- **WHAT IS REQUIRED**: From first line to last, retype the data exactly.

Web page caption snippets:
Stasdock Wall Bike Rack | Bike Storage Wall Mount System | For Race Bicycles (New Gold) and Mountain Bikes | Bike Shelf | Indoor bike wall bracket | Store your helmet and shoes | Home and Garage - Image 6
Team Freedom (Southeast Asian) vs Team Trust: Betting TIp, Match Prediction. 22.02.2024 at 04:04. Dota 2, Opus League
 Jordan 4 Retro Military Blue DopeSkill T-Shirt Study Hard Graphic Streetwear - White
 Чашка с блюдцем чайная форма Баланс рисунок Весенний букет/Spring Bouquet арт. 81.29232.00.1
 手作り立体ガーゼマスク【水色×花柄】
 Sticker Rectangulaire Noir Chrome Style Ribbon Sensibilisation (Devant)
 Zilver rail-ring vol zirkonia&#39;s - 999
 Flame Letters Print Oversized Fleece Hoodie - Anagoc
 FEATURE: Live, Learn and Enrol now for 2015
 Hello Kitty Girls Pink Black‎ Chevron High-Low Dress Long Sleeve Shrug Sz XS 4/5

- **SOLUTION TO THIS TASK**:
Stasdock Wall Bike Rack | Bike Storage Wall Mount System | For Race Bicycles (New Gold) and Mountain Bikes | Bike Shelf | Indoor bike wall bracket | Store your helmet and shoes | Home and Garage - Image 6
Team Freedom (Southeast Asian) vs Team Trust: Betting TIp, Match Prediction. 22.02.2024 at 04:04. Dota 2, Opus League
 Jordan 4 Retro Military Blue DopeSkill T-Shirt Study Hard Graphic Streetwear - White
 Чашка с блюдцем чайная форма Баланс рисунок Весенний букет/Spring Bouquet арт. 81.29232.00.1
 手作り立体ガーゼマスク【水色×花柄】
 Sticker Rectangulaire Noir Chrome Style Ribbon Sensibilisation (Devant)
 Zilver rail-ring vol zirkonia&#39;s - 999
 Flame Letters Print Oversized Fleece Hoodie - Anagoc
 FEATURE: Live, Learn and Enrol now for 2015
 Hello Kitty Girls Pink Black‎ Chevron High-Low Dress Long Sleeve Shrug Sz XS 4/5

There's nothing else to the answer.